Nebivolol is a racemate consisting of two enantiomers: SRRR-nebivolol (D-nebivolol) and RSSS-nebivolol (L-nebivolol). It combines two pharmacological properties:

  • due to the D-enantiomer, nebivolol is a competitive and selective β1-adrenoceptor blocker;
  • due to the L-enantiomer, it has mild vasodilating properties resulting from metabolic interaction with L-arginine/nitric oxide (NO).

After single and repeated administration, nebivolol reduces heart rate and arterial blood pressure at rest and during exercise, both in individuals with normal blood pressure and in those with arterial hypertension. The antihypertensive effect is maintained during long-term treatment. At therapeutic doses, α-adrenergic antagonism is not observed. During short-term or long-term treatment with nebivolol in patients with arterial hypertension, systemic vascular resistance is reduced. Despite the reduction in heart rate, the decrease in cardiac output at rest and during exercise is limited due to an increase in stroke volume. The clinical significance of this hemodynamic difference, compared to other β-adrenoceptor blockers, has not yet been fully elucidated. In patients with arterial hypertension, nebivolol enhances the vascular response to acetylcholine mediated by nitric oxide; in patients with endothelial dysfunction, this response is reduced.

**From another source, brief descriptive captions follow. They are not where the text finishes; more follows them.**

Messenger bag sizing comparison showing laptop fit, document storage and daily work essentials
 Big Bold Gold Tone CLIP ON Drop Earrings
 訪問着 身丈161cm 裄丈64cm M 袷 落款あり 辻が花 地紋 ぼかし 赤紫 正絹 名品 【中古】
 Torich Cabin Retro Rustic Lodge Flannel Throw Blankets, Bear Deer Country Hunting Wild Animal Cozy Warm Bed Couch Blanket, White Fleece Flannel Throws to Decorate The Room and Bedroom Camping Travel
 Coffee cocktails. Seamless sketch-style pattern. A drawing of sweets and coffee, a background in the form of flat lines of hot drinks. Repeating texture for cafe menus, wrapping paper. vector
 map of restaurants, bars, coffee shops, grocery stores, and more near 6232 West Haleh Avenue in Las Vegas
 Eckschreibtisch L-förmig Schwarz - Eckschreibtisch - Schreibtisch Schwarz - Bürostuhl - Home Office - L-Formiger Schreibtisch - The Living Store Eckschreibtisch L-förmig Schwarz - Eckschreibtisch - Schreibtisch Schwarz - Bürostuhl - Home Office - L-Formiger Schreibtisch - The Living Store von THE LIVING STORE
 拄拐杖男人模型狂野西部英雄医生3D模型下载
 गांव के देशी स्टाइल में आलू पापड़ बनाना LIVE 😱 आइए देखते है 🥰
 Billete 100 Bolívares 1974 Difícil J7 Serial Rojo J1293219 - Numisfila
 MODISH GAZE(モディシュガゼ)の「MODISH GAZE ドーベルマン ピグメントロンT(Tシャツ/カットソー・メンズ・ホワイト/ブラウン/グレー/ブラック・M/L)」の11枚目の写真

In a placebo-controlled study involving 2128 patients aged ≥70 years (mean age 75.2 years) with stable chronic heart failure with or without reduced left ventricular ejection fraction, the addition of nebivolol to standard therapy significantly prolonged the time to death or hospitalization related to cardiovascular disease. The effect of nebivolol did not depend on age, sex, or left ventricular ejection fraction in the study participants. In patients receiving nebivolol, a reduced incidence of sudden cardiac death was observed.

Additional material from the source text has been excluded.